■ REQUIRED WORK ■
Every line in the data below from the one containing "USS Green Bay" down to the one containing "Cake with prunes", both included, must be retyped exactly; no other line is to appear.

::: STORED DATA :::

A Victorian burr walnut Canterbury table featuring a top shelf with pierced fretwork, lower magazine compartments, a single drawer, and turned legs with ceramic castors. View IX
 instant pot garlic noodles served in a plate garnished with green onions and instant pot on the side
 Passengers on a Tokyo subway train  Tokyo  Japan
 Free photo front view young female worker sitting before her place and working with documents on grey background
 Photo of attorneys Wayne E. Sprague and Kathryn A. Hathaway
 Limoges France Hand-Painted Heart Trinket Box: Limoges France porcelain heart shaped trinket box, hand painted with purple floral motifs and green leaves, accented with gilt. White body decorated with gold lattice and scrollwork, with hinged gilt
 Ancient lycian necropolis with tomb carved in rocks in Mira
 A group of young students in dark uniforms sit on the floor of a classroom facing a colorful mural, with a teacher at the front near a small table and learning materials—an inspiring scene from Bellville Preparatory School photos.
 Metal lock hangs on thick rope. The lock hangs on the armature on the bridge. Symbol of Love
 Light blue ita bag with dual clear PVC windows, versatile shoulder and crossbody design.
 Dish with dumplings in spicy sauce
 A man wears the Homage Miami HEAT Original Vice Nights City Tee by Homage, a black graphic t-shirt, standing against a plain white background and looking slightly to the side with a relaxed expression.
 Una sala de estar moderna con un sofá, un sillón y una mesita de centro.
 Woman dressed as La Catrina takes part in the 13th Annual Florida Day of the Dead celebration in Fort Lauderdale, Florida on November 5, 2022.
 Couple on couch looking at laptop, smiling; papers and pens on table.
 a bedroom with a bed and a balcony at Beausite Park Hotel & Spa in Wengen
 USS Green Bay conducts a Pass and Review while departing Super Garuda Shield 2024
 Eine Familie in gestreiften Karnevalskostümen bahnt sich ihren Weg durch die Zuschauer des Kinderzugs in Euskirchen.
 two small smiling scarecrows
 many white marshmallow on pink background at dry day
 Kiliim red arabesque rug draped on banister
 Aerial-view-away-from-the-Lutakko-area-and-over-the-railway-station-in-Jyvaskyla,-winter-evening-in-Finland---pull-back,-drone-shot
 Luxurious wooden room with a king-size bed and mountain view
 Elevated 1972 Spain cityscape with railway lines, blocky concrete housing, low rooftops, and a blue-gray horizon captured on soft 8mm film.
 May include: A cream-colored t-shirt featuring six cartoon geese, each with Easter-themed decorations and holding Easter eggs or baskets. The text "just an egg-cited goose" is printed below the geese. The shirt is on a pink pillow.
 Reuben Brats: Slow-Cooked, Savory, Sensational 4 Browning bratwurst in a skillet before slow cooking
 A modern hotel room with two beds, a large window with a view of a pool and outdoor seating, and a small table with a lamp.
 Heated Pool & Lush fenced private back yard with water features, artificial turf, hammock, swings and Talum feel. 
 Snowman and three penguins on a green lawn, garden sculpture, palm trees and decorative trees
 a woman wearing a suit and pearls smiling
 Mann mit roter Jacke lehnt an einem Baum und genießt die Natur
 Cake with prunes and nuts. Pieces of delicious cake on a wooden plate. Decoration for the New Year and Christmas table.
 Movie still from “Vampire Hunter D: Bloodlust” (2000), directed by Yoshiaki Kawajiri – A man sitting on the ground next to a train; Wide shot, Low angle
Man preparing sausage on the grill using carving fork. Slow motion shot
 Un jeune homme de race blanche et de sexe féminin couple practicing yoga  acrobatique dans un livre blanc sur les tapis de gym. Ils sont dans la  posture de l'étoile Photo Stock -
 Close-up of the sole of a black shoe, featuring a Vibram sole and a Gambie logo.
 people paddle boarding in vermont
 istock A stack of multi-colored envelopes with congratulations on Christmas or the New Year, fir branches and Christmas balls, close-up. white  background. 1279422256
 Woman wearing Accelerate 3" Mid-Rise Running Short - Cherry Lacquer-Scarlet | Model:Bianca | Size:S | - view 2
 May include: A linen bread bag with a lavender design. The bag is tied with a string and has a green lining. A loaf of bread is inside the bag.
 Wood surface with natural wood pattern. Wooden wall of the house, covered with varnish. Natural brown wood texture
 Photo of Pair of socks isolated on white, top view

:::

■ RESULT ■
 USS Green Bay conducts a Pass and Review while departing Super Garuda Shield 2024
 Eine Familie in gestreiften Karnevalskostümen bahnt sich ihren Weg durch die Zuschauer des Kinderzugs in Euskirchen.
 two small smiling scarecrows
 many white marshmallow on pink background at dry day
 Kiliim red arabesque rug draped on banister
 Aerial-view-away-from-the-Lutakko-area-and-over-the-railway-station-in-Jyvaskyla,-winter-evening-in-Finland---pull-back,-drone-shot
 Luxurious wooden room with a king-size bed and mountain view
 Elevated 1972 Spain cityscape with railway lines, blocky concrete housing, low rooftops, and a blue-gray horizon captured on soft 8mm film.
 May include: A cream-colored t-shirt featuring six cartoon geese, each with Easter-themed decorations and holding Easter eggs or baskets. The text "just an egg-cited goose" is printed below the geese. The shirt is on a pink pillow.
 Reuben Brats: Slow-Cooked, Savory, Sensational 4 Browning bratwurst in a skillet before slow cooking
 A modern hotel room with two beds, a large window with a view of a pool and outdoor seating, and a small table with a lamp.
 Heated Pool & Lush fenced private back yard with water features, artificial turf, hammock, swings and Talum feel. 
 Snowman and three penguins on a green lawn, garden sculpture, palm trees and decorative trees
 a woman wearing a suit and pearls smiling
 Mann mit roter Jacke lehnt an einem Baum und genießt die Natur
 Cake with prunes and nuts. Pieces of delicious cake on a wooden plate. Decoration for the New Year and Christmas table.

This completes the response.